While our nation grapples with the dismantling of statues to the confederacy, I frequently hear the argument that such destroys and distorts “our” history. If that was truly the case, one has to ask why there isn’t a single statue to one of the bravest and smartest commanders who served under Robert E. Lee?

James Longstreet was one of the finest generals of the south and served as Lee’s principal subordinate. He was affectionally referred to as “Old War Horse” by Lee as he served as a corps commander for most of the battles waged by the Army of Northern Virginia.
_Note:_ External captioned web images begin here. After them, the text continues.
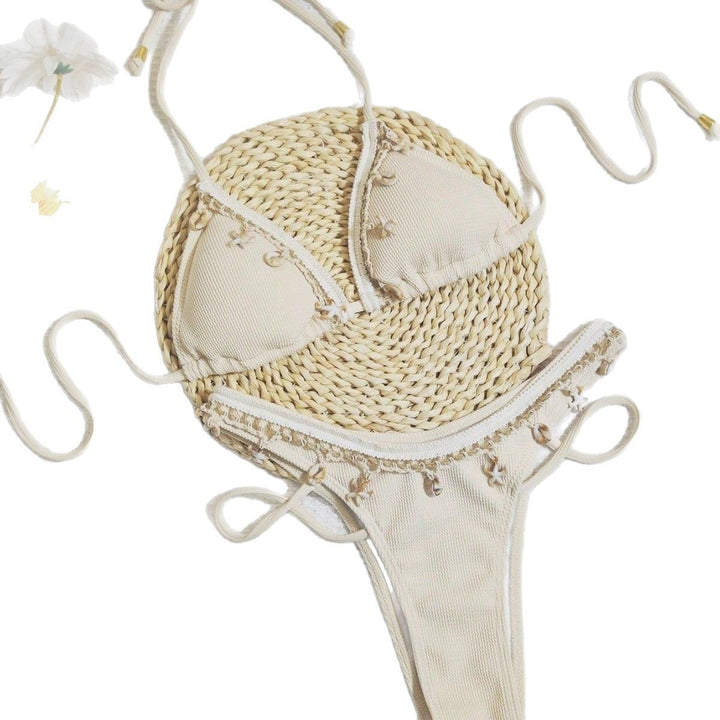Dame Trekant Flettet Bikini Sæt Stilla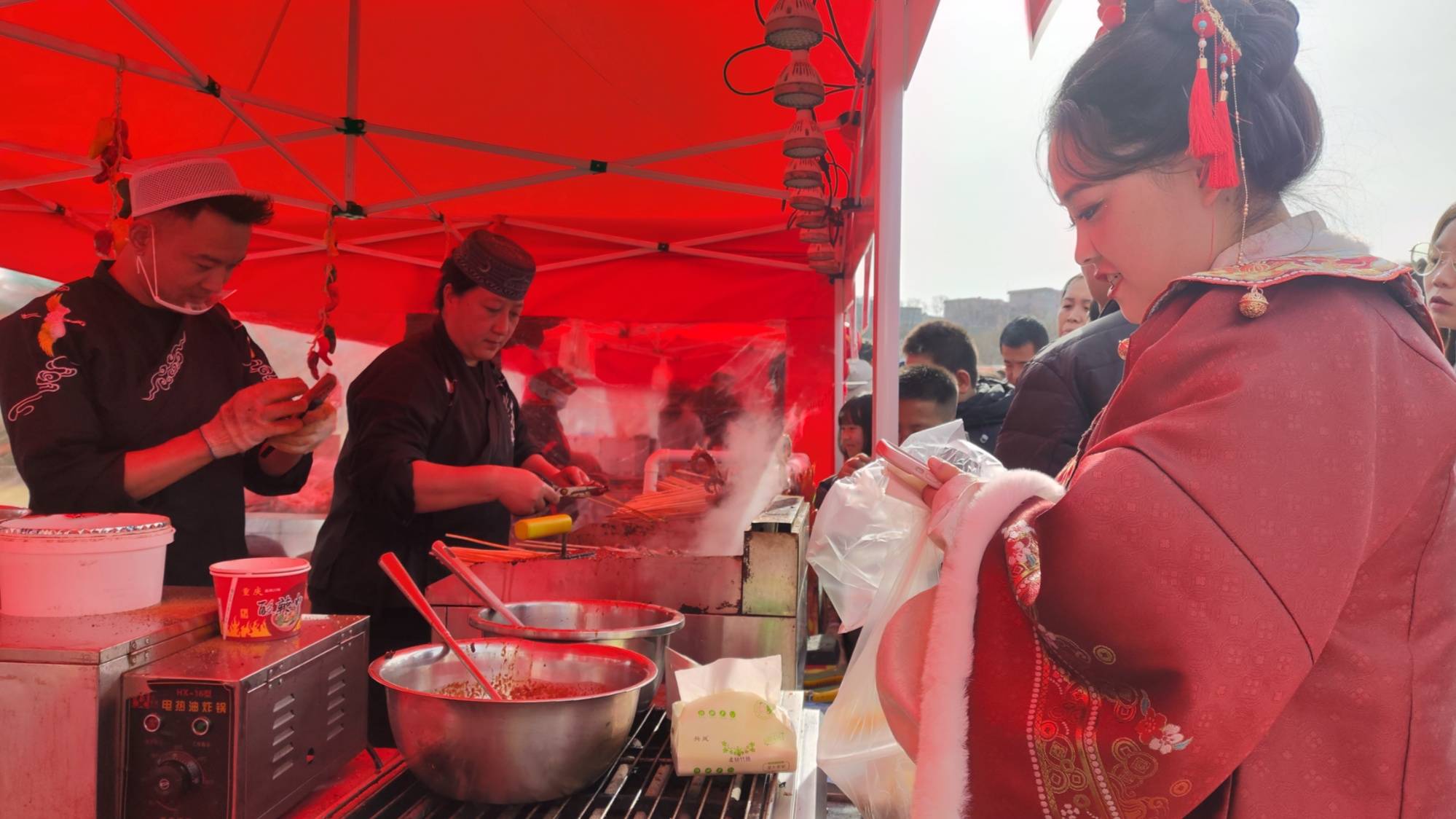 甘肅平涼崆峒區：新春美食節“國風”味正濃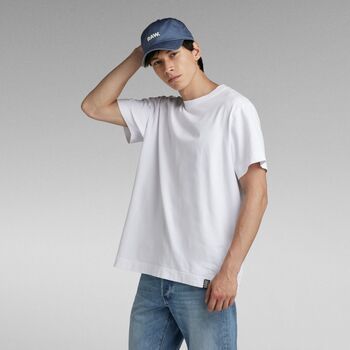 G-Star Raw Tops y Camisetas D23471 C784 ESSENTIAL LOOSE-110 WHITE para hombre
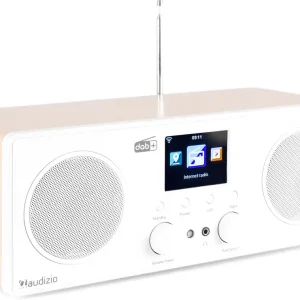 Beliebt Audizio Bari WIFI Internet Stereo Radio mit DAB+ Weiß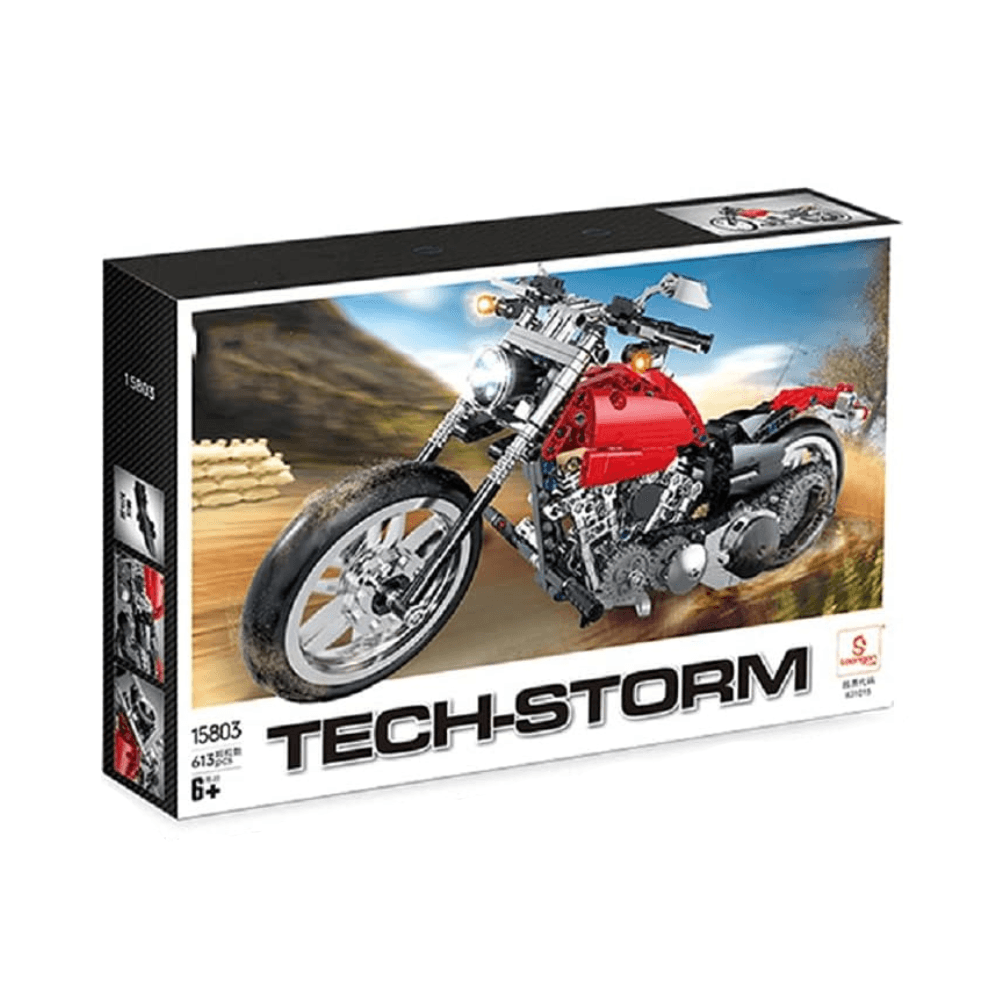 Cogo Heavy Motorcycle Toy Building Kit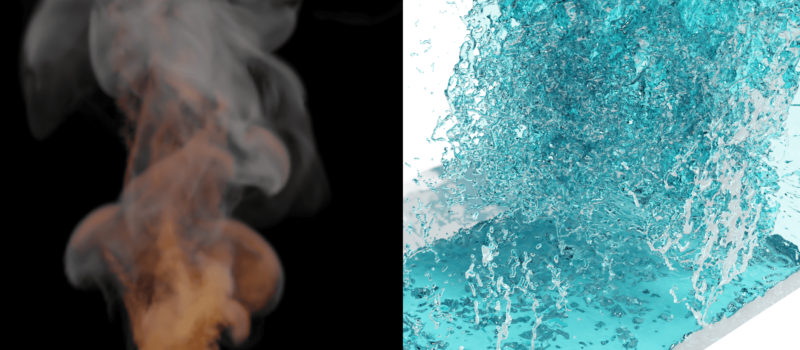 Blender 流体 物理シミュレーション ドメイン 3DCG 気体 液体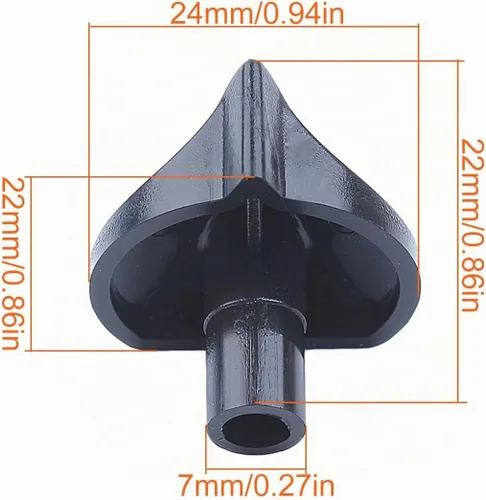 Vista 2 de Para Stihl BR500 BR550 BR600 pieza del motor, kit de perilla de estrangulador, 4282 182 9500, 42821829500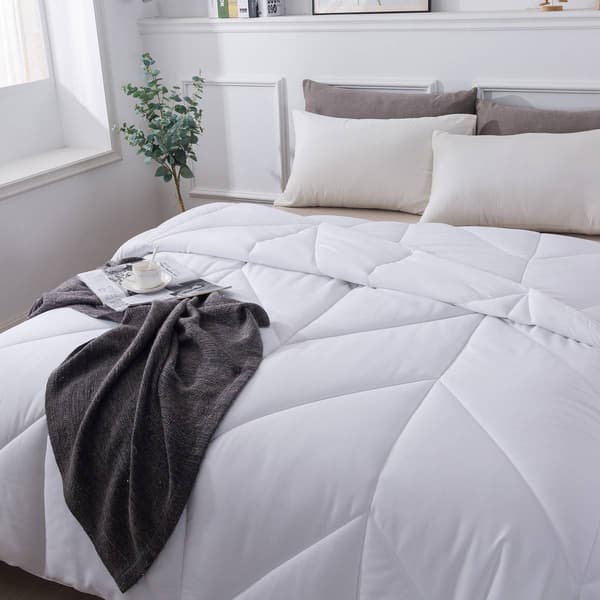 St. James Home Chevron Stitch Down Alternative Comforter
Some maintain that Longstreet “was the finest corps commander in the Army of Northern Virginia; in fact, he was arguably the best corps commander in the conflict on either side.”

Yet while there are literally hundreds of statues to confederacy generals and commanders throughout the South, I believe there is only one of James Longstreet, at Gettysburg of all places.

The simple answer is while Longstreet fought for one of the worst causes in our nation’s history he changed after the Civil War. Unlike the vast, vast number of his fellow generals and fellow southerners, he came to embrace and support the reunification of the south and north.

Longstreet was the rare Southerner to accept the Confederacy defeat while urging Southerners to support efforts to rebuild their region on the basis of greater racial equality.

Perhaps his greatest sin to the South was his subsequent command of a biracial Louisiana militia in the 1870s that fought against a white supremacists uprising in New Orleans. It didn’t help when he joined Abraham Lincoln’s Republican Party.

In contrast, the vast majority of former Southern commanders and soldiers maintained their efforts were the “Lost Cause of the Confederacy.” This “Lost Cause” describes the Civil War as a heroic effort to maintain the Southern way of life while denying the role of slavery.

It was this mentality that was responsible for the placement of confederacy statues throughout the South. It served as the beginnings of the KKK, Jim Crow laws and the hundreds, if not thousands, of lynchings that continued well into the 1960s until the enactment of the Civil Rights Act.

In contrast, James Longstreet’s life after the Civil War show us America’s amazing “saving grace.” James Longstreet shows us that we can learn from our mistakes and to advance the betterment of our Union — the United States of America.

Tom Muri is a resident of Whitefish.